Task objective ▸ Take the records below and print them verbatim up to and including the line that carries "LiftMaster Garage Door".

Records for this exercise: Begin

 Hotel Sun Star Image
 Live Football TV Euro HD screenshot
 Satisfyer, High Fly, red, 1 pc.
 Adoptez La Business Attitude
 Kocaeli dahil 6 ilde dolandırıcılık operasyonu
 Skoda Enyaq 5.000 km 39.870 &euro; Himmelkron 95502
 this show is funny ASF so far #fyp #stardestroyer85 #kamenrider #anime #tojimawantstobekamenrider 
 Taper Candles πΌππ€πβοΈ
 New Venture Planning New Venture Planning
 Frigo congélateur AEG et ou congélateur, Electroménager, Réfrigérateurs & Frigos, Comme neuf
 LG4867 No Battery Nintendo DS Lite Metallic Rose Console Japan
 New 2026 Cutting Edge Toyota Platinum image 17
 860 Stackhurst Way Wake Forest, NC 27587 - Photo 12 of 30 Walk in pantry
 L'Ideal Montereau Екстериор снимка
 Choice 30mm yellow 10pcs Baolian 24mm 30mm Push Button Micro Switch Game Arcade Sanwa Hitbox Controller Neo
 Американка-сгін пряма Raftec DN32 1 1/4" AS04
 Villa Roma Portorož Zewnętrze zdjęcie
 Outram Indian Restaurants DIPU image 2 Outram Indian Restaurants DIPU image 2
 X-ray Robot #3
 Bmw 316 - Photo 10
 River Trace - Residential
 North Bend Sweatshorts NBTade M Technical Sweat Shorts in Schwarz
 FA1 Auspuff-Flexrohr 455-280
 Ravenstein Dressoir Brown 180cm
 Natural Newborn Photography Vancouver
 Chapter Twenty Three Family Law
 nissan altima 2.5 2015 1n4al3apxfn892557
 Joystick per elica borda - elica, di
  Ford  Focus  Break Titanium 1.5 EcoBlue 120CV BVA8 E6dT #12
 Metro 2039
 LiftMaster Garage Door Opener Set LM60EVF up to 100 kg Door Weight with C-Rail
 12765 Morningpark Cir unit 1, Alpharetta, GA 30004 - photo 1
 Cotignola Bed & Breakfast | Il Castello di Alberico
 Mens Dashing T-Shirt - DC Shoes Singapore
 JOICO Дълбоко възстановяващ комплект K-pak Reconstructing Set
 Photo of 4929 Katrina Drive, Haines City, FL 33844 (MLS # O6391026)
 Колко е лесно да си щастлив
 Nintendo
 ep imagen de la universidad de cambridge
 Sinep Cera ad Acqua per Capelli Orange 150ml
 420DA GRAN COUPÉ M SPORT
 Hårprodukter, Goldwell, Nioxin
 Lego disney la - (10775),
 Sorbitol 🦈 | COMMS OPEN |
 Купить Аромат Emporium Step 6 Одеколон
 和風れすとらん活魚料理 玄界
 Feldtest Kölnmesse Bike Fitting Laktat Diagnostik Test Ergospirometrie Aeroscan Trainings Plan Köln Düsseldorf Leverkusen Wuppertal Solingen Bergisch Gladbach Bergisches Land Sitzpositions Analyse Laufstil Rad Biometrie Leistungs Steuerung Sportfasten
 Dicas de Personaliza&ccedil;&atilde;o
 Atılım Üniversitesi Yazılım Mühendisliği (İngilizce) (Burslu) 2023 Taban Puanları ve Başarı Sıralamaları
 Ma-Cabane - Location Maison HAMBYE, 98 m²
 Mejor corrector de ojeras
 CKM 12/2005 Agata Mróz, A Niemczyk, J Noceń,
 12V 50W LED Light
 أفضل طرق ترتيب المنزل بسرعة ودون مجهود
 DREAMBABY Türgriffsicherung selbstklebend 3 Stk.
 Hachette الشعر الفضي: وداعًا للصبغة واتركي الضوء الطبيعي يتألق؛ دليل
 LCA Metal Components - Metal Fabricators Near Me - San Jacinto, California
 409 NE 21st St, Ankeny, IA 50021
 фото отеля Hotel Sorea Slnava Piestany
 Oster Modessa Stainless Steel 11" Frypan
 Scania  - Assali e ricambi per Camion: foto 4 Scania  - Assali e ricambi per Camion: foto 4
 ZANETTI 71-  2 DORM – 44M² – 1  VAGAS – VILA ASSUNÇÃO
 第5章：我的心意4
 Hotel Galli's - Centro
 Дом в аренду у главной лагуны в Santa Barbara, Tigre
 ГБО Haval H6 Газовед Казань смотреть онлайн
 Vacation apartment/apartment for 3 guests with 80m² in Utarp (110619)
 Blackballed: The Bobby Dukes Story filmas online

Records for this exercise: End

Expected answer ▸
 Hotel Sun Star Image
 Live Football TV Euro HD screenshot
 Satisfyer, High Fly, red, 1 pc.
 Adoptez La Business Attitude
 Kocaeli dahil 6 ilde dolandırıcılık operasyonu
 Skoda Enyaq 5.000 km 39.870 &euro; Himmelkron 95502
 this show is funny ASF so far #fyp #stardestroyer85 #kamenrider #anime #tojimawantstobekamenrider 
 Taper Candles πΌππ€πβοΈ
 New Venture Planning New Venture Planning
 Frigo congélateur AEG et ou congélateur, Electroménager, Réfrigérateurs & Frigos, Comme neuf
 LG4867 No Battery Nintendo DS Lite Metallic Rose Console Japan
 New 2026 Cutting Edge Toyota Platinum image 17
 860 Stackhurst Way Wake Forest, NC 27587 - Photo 12 of 30 Walk in pantry
 L'Ideal Montereau Екстериор снимка
 Choice 30mm yellow 10pcs Baolian 24mm 30mm Push Button Micro Switch Game Arcade Sanwa Hitbox Controller Neo
 Американка-сгін пряма Raftec DN32 1 1/4" AS04
 Villa Roma Portorož Zewnętrze zdjęcie
 Outram Indian Restaurants DIPU image 2 Outram Indian Restaurants DIPU image 2
 X-ray Robot #3
 Bmw 316 - Photo 10
 River Trace - Residential
 North Bend Sweatshorts NBTade M Technical Sweat Shorts in Schwarz
 FA1 Auspuff-Flexrohr 455-280
 Ravenstein Dressoir Brown 180cm
 Natural Newborn Photography Vancouver
 Chapter Twenty Three Family Law
 nissan altima 2.5 2015 1n4al3apxfn892557
 Joystick per elica borda - elica, di
  Ford  Focus  Break Titanium 1.5 EcoBlue 120CV BVA8 E6dT #12
 Metro 2039
 LiftMaster Garage Door Opener Set LM60EVF up to 100 kg Door Weight with C-Rail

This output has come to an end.